- Directions: Set the records down again exactly, apart from any pictures in them.

(Extracted records)
*-*-*
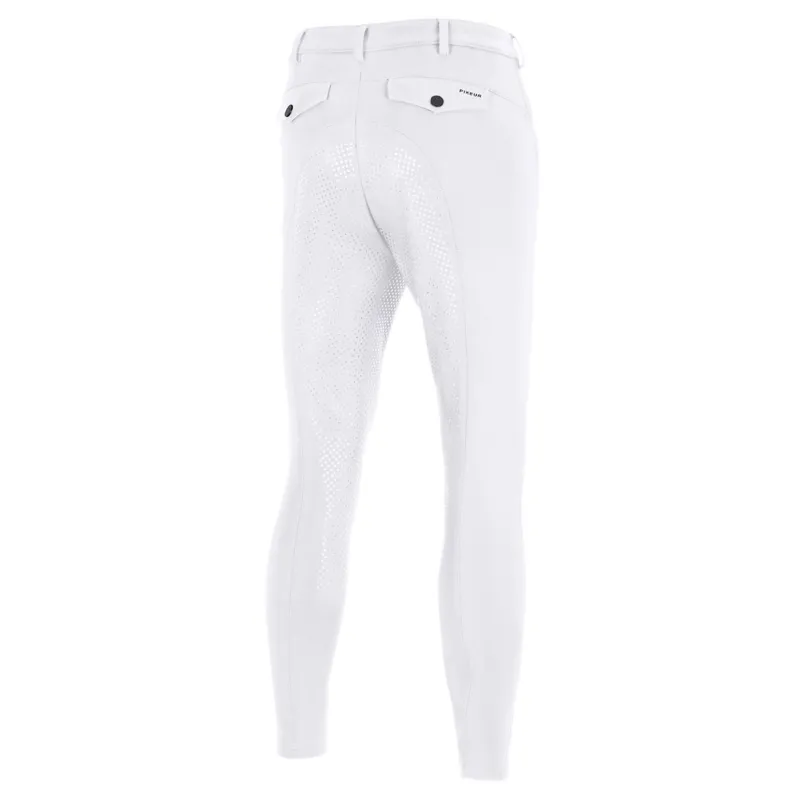 Pikeur New Rodrigo GripTec Full Grip Men's Competition Breeches - White-1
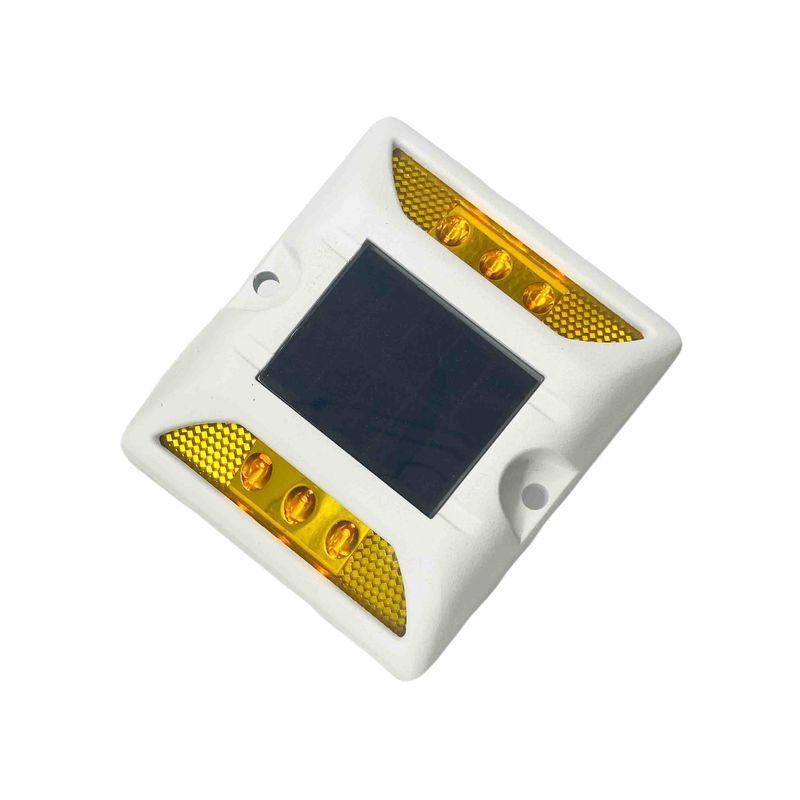 Anti UV PC LED solar reflectores de la carretera de los rodillos Marcador de pavimento solar personalizado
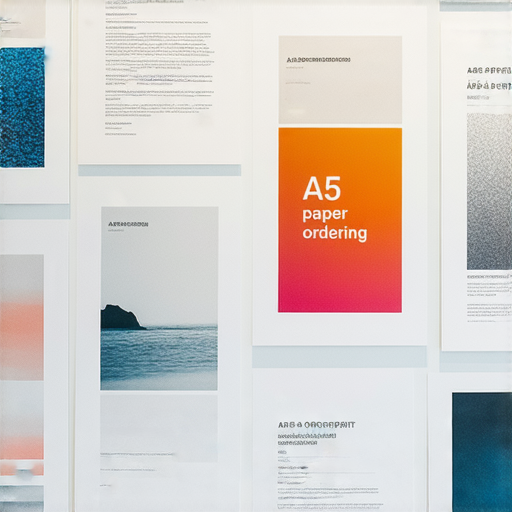 「想提升您的設計質感？立即探索A5與A4紙訂購及相關專業服務！」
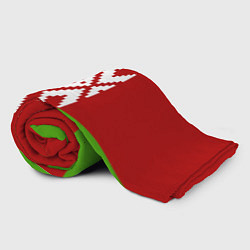 Плед флисовый Беларусь флаг, цвет: 3D-велсофт — фото 2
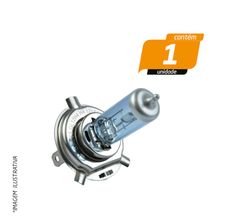 Lâmpada H4 Super Branca 12V 55/60W - Avionix Gauss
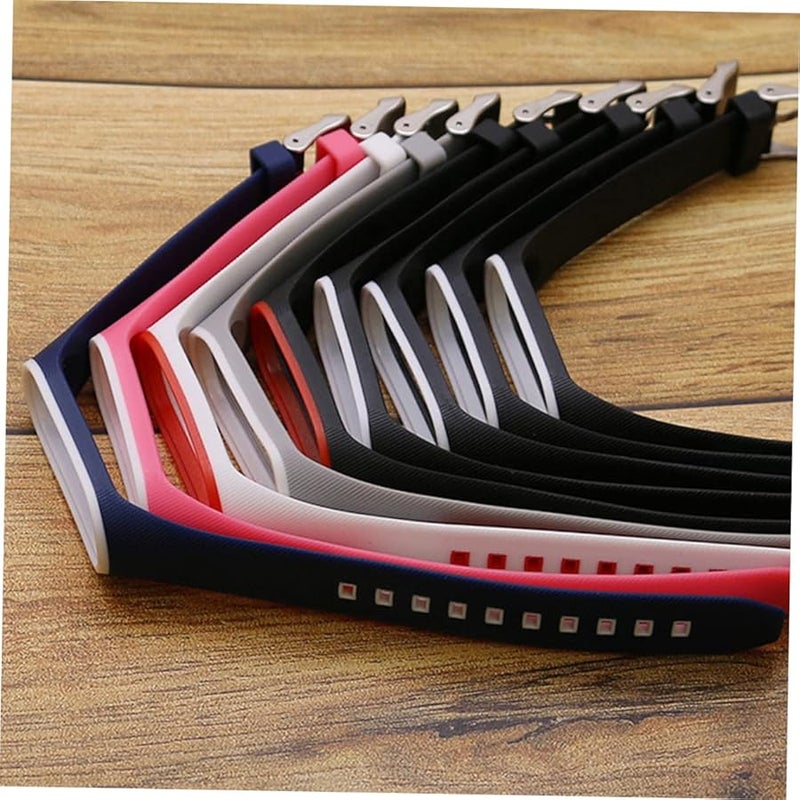 Light Grey Minimalist Watch Band Durable Two Tone Wrist Strap 2x25cm - Image 3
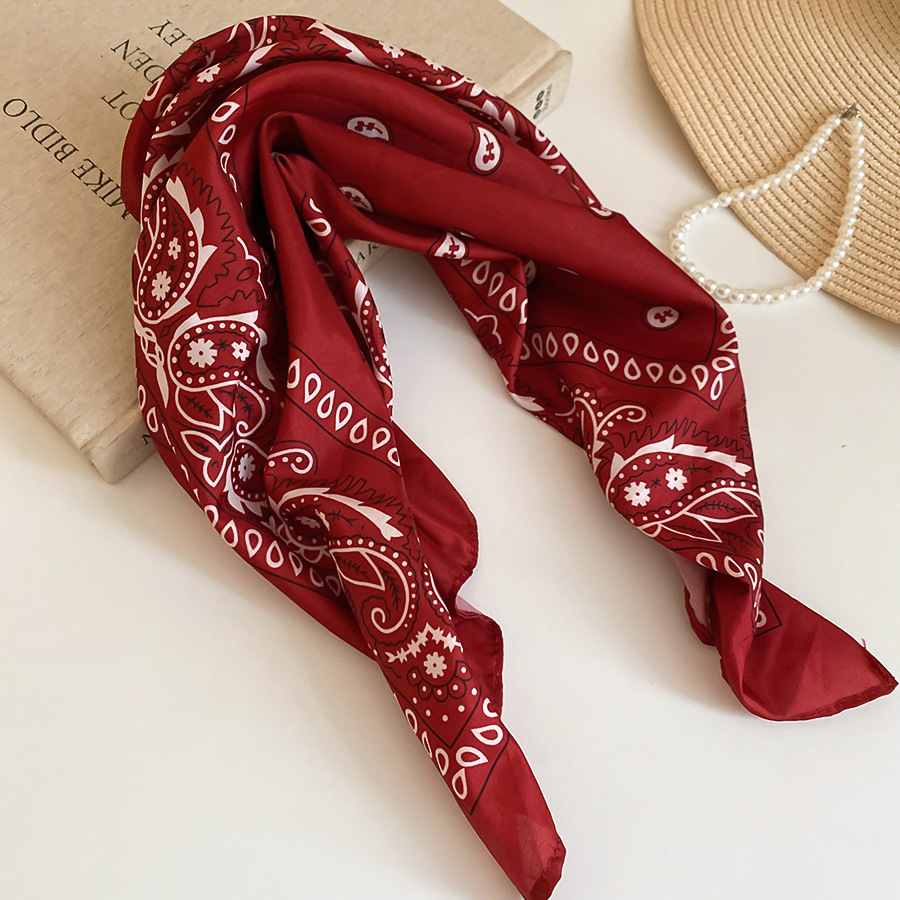 1 Piece Retro Flower Paisley Pattern Bandana Picture4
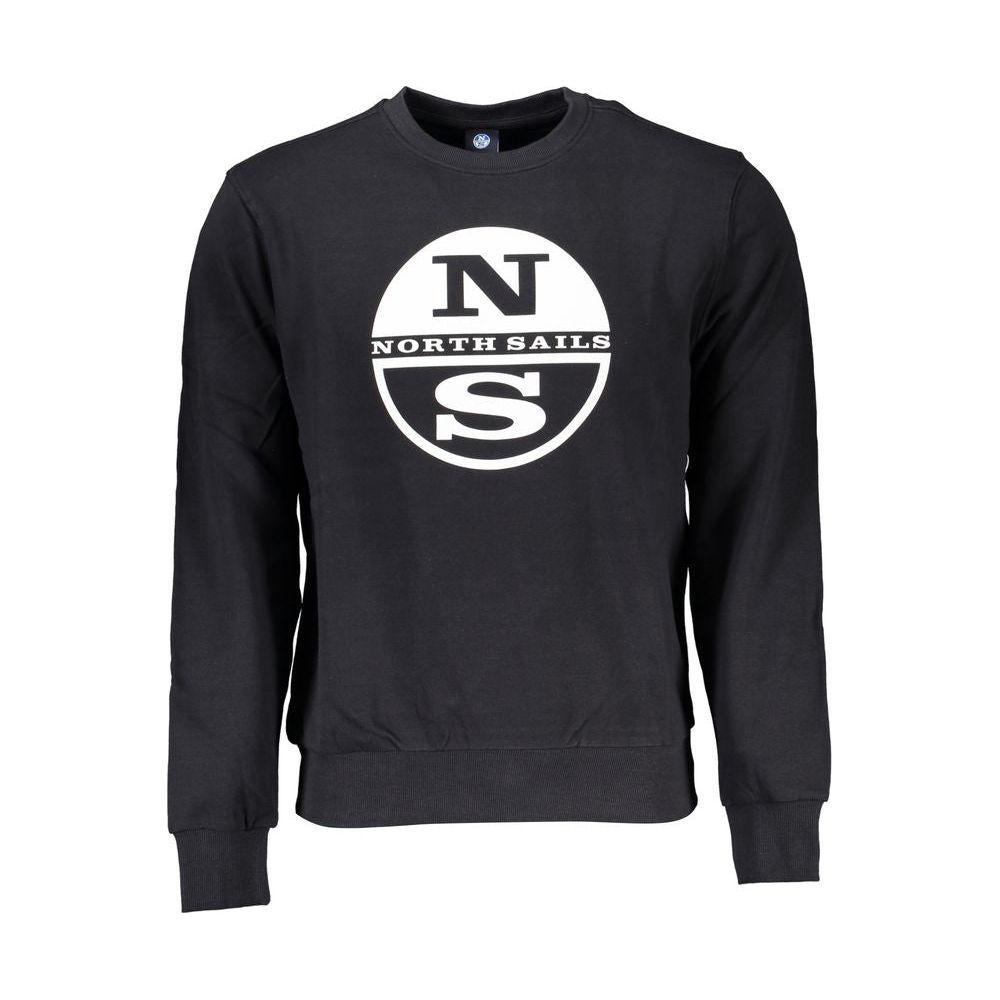 North Sails Black Cotton Sweater North Sails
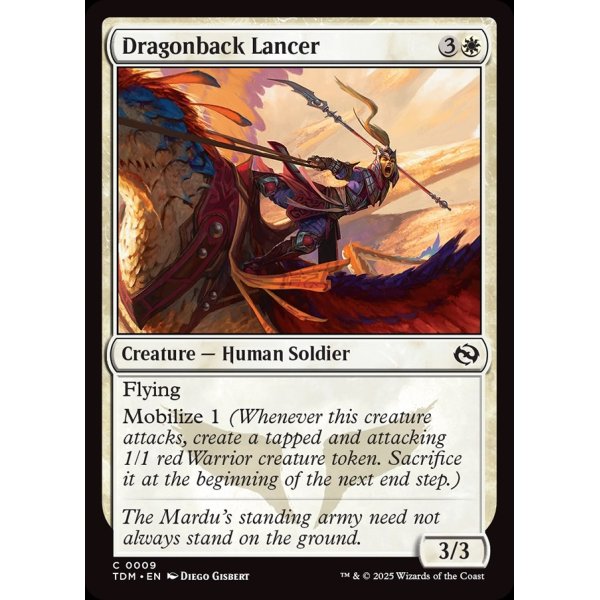 画像2: 跨龍の槍騎兵/Dragonback Lancer (2)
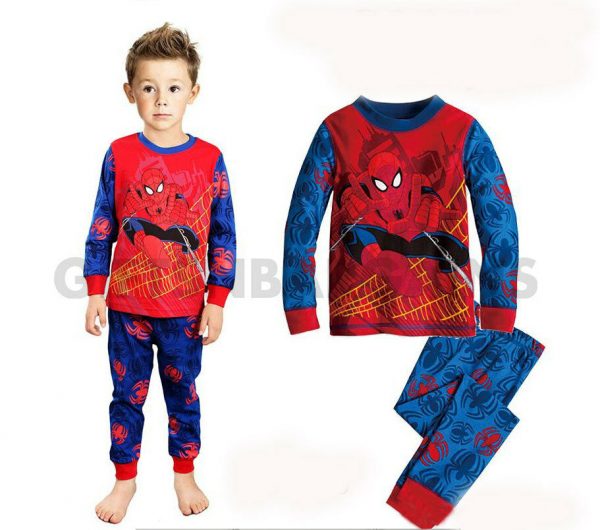 Boys Spider-man Mickey Mouse Toy Story Buzz Kids Pajamas PJ's,1-8Y 100% Cotton - Image 3
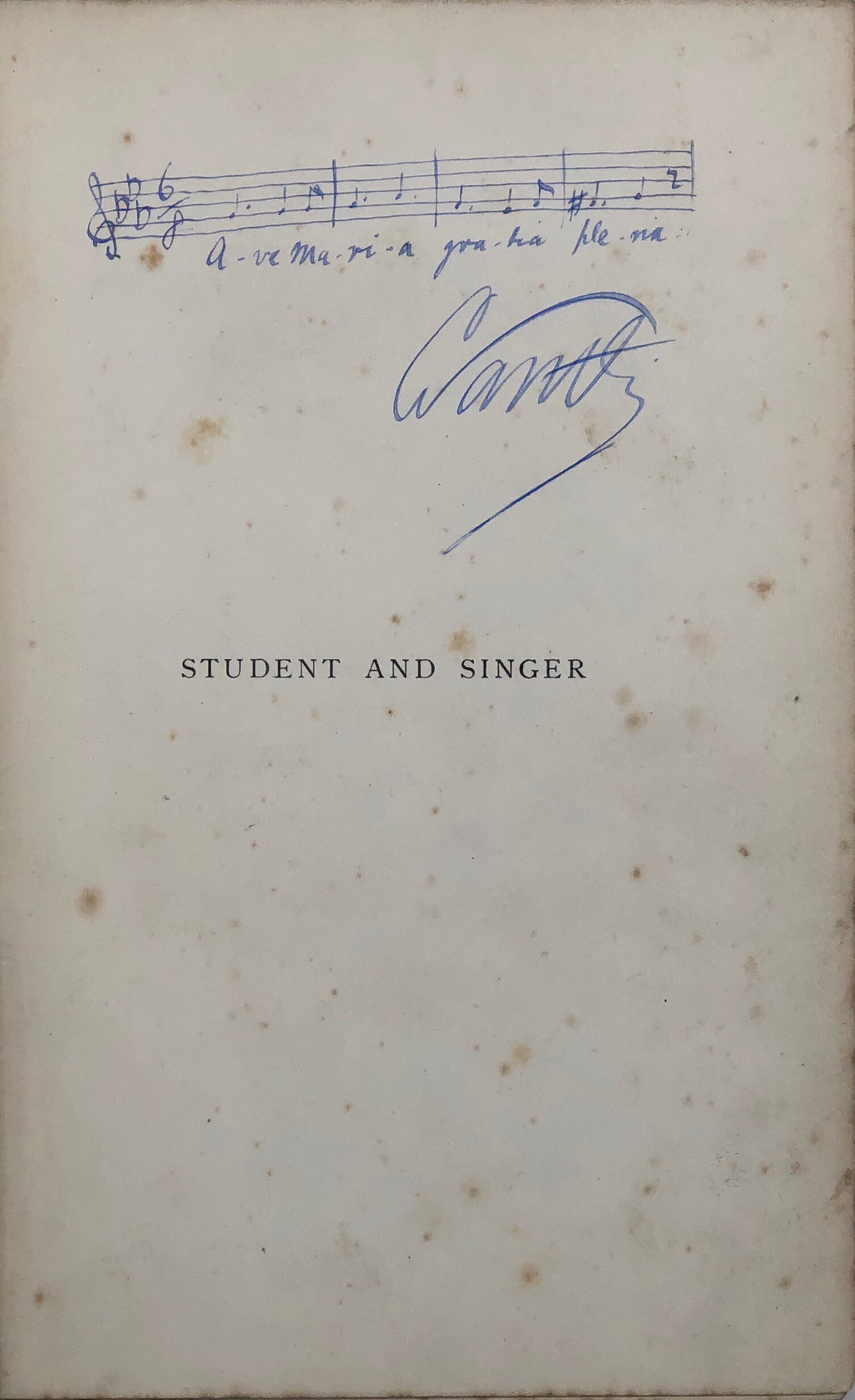 Student and Singer. The Reminiscences of Charles Santley.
*-*-*
- Task result:
 Pikeur New Rodrigo GripTec Full Grip Men's Competition Breeches - White-1
 Anti UV PC LED solar reflectores de la carretera de los rodillos Marcador de pavimento solar personalizado
 「想提升您的設計質感？立即探索A5與A4紙訂購及相關專業服務！」
 Плед флисовый Беларусь флаг, цвет: 3D-велсофт — фото 2
 Lâmpada H4 Super Branca 12V 55/60W - Avionix Gauss
 Light Grey Minimalist Watch Band Durable Two Tone Wrist Strap 2x25cm - Image 3
 1 Piece Retro Flower Paisley Pattern Bandana Picture4
 North Sails Black Cotton Sweater North Sails
 画像2: 跨龍の槍騎兵/Dragonback Lancer (2)
 Boys Spider-man Mickey Mouse Toy Story Buzz Kids Pajamas PJ's,1-8Y 100% Cotton - Image 3
 Student and Singer. The Reminiscences of Charles Santley.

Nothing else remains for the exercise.